Paraphrasant Ingres qui déclarait : « Le dessin est la probité de l’art », on pourrait dire qu’il est aussi la propreté de l’âme. Ou plus exactement que c’est un excellent moyen de se desserrer un peu et de devenir plus clair. Cela a été démontré maintes fois au niveau adulte. Et au niveau scolaire, « Les dessins de Patrick » (Casterman) semblent aussi avoir fait définitivement le point. Mais évidemment, le langage graphique est bien plus que cela. De la même façon qu’on peut, en écrit, chercher des lois, expérimenter, jouer avec les mots, se régaler de sonorités, s’enchanter de constructions, se constituer des talents exploitables, établir des réseaux de communication, se dissimuler dans des ésotérismes, se délivrer de ses fantasmes... on peut avec le dessin dans les mêmes proportions et avec les mêmes intensités expérimenter, jouir, communiquer, projeter et survivre par fantaisies, fantasmes, figures, forces, flux, formes, fêtes, frisures, fresques...
Pour que le lecteur puisse se convaincre que ces paroles correspondent à la réalité, voir dans les pages suivantes des dessins de 25 enfants d’un CM1-CM2 du Finistère, extraits d’une collection de 3 000 dessins (en deux années scolaires) recueillis chaque jour selon l’ordre chronologique de production, par leur institutrice. et regroupés méthodiquement dans un dossier.
On sentira combien ces enfants étaient totalement libres d’investir la planète-graphisme comme ils l’entendaient.
On verra des personnages humains glisser chez certains de la beauté, de l’élégance à la caricature, à la recherche d’ombre blanche, à l’illustration, à la création et au fantasme. On verra également des animaux dessinés de façon réaliste basculer peu à peu, chez d’autres enfants, vers la fantaisie, la représentation, la décoration, la transposition et l’expression de la puissance.
Pareillement, des représentations d’éléments de la réalité, des recherches sur la perspective voisinent avec un étonnant détournement d’objets pour signifier autre chose.
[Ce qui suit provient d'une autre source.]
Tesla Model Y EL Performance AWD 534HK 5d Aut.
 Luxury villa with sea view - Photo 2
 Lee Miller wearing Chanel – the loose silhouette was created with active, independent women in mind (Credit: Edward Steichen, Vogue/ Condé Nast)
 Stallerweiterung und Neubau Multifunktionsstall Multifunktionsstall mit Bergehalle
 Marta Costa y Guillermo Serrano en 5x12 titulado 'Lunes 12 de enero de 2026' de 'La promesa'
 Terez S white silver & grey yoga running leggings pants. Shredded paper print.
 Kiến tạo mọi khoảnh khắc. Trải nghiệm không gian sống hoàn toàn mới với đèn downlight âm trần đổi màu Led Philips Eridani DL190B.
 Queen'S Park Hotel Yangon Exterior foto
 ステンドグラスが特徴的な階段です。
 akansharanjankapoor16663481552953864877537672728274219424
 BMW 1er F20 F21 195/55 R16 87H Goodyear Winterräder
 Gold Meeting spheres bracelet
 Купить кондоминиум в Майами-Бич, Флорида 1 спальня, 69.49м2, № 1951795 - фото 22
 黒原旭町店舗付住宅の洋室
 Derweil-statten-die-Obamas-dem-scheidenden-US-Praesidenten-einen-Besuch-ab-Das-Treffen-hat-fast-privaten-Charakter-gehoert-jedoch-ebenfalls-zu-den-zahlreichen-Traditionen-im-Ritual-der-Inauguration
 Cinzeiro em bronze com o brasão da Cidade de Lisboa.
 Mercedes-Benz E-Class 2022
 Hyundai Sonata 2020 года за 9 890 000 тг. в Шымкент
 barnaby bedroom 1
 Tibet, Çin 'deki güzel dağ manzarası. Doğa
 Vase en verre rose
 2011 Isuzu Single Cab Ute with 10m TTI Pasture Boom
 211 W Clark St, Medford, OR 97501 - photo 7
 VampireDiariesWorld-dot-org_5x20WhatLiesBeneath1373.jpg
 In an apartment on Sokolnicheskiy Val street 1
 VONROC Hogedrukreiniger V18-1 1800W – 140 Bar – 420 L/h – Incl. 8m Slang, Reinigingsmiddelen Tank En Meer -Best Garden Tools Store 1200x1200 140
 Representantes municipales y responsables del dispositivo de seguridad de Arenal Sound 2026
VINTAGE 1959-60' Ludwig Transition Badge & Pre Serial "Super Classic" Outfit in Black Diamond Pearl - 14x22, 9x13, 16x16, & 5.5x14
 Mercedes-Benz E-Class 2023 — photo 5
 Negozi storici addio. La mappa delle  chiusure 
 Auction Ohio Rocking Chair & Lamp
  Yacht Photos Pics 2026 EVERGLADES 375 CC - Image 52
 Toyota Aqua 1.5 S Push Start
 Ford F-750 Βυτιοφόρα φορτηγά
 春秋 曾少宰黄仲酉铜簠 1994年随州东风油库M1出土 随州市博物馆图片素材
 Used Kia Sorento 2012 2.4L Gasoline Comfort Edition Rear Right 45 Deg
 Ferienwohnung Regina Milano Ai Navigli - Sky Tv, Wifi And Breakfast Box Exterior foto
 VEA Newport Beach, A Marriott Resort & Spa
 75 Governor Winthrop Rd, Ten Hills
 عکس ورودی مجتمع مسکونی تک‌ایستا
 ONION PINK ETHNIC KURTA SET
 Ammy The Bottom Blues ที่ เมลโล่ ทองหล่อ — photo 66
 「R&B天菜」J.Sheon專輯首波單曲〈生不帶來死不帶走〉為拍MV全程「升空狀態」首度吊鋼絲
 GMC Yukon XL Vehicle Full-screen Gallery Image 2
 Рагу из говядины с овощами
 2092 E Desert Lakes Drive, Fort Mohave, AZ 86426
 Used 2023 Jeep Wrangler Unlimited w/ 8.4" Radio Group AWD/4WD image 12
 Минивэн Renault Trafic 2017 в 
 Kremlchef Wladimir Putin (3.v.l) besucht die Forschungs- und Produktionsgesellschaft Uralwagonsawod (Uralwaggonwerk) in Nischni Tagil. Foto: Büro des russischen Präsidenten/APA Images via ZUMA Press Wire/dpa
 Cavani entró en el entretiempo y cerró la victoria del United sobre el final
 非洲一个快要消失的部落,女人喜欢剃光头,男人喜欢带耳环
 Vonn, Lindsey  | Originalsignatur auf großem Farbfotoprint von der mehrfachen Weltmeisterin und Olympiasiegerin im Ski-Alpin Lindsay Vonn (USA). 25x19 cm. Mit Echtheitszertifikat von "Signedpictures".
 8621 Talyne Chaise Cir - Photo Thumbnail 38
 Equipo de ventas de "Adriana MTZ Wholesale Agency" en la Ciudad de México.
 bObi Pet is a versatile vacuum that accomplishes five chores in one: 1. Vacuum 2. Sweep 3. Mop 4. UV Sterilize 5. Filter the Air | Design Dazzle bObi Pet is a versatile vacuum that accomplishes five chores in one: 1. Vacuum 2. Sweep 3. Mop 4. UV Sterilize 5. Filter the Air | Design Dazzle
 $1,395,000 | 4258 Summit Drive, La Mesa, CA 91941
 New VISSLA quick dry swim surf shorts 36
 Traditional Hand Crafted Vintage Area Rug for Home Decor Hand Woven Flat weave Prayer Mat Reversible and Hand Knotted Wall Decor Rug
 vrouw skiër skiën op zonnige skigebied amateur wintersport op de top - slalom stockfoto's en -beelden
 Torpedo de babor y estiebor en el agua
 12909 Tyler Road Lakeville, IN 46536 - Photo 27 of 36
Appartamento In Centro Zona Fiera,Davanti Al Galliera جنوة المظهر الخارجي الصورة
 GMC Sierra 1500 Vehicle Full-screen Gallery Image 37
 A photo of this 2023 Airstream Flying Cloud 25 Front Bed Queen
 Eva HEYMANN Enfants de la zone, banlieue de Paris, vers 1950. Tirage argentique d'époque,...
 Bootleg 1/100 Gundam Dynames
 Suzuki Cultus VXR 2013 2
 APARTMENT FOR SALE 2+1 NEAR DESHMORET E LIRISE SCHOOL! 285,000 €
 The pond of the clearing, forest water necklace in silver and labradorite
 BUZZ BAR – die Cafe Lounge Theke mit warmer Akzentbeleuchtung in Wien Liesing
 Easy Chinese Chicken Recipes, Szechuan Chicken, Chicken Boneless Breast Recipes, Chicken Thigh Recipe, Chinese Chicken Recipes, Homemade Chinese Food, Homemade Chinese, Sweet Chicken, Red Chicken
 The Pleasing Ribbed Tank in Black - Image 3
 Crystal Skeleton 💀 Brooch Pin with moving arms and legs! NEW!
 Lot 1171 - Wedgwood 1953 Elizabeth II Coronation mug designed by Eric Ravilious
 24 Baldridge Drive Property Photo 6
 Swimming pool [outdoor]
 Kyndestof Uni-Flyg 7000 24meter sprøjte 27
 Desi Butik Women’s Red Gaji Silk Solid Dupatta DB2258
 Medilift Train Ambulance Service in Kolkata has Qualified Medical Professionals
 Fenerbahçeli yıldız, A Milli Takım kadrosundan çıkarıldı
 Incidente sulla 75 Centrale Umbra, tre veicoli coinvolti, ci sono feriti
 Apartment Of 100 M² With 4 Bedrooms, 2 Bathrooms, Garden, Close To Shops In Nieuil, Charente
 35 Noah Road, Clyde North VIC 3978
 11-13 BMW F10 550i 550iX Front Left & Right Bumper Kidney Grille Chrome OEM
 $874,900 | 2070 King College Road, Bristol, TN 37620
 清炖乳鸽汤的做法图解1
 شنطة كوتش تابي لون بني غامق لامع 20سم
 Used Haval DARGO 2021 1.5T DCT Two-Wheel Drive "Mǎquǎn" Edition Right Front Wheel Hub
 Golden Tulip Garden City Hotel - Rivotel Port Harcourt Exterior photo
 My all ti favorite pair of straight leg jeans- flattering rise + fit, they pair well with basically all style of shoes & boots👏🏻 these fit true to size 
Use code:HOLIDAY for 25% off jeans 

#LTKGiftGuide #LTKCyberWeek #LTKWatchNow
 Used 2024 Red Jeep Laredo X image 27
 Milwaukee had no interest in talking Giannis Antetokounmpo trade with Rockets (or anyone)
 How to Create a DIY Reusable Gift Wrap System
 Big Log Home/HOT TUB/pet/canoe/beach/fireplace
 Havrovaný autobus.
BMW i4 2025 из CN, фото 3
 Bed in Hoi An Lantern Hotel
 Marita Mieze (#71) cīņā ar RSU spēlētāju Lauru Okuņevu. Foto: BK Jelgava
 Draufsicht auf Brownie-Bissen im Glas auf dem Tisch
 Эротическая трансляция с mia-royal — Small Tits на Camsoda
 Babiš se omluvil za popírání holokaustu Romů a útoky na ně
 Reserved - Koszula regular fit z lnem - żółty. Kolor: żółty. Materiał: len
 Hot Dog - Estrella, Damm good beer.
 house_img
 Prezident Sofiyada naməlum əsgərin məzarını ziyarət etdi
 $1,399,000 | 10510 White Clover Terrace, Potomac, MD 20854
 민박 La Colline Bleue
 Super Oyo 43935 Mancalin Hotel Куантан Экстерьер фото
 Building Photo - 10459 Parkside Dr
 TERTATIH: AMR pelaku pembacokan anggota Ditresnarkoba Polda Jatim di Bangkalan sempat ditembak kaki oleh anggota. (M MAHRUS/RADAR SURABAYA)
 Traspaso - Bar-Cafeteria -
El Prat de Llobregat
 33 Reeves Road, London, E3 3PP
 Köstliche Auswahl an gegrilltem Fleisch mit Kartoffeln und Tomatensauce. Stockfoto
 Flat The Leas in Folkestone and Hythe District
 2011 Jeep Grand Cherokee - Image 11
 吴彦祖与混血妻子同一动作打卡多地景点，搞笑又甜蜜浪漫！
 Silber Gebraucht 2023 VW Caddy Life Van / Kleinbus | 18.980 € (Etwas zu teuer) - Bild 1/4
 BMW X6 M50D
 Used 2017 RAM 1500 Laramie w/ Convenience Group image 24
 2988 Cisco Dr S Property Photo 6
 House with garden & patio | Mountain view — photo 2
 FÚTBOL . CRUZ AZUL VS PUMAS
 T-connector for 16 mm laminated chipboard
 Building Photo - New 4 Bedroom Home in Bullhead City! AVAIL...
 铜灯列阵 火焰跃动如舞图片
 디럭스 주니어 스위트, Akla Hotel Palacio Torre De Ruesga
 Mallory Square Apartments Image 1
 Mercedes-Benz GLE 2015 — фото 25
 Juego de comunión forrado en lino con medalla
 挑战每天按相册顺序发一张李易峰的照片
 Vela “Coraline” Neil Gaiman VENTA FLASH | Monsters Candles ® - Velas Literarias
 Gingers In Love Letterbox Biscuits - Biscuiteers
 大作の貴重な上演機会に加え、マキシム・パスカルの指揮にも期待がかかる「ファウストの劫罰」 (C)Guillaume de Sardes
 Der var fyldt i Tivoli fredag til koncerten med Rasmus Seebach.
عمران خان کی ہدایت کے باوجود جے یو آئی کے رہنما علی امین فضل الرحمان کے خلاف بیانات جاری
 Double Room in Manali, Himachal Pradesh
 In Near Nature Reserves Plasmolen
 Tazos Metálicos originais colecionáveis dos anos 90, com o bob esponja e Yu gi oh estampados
Enfin on aura accès à une série de productions où cheminent parallèlement un souci de décoration évident, un humour subtil et une imagination fantasmatique proche du délire. Et ce n’est là évidemment qu’une toute petite partie de ce qui fut exploré.
Ce qui ne peut apparaître ici, c’est combien l’expression d’un seul enfant peut être diversifiée. Cependant il arrive qu’elle se centre seulement sur deux ou trois thèmes fondamentaux. Et ce n’est parfois qu’au 300e dessin que quelque chose se dénoue ou que quelque forme se maîtrise. Mais lorsqu’on examine des séries d’enfants de la maternelle, c’est encore plus saisissant parce qu’il n’y a pas en complément comme ici, le support des mots.
Oui, le dessin est bien un langage. Et il doit être aussi la propriété de l’enfant. Et si tu veux mieux t’en convaincre, lecteur, il te suffira d’ouvrir un dossier.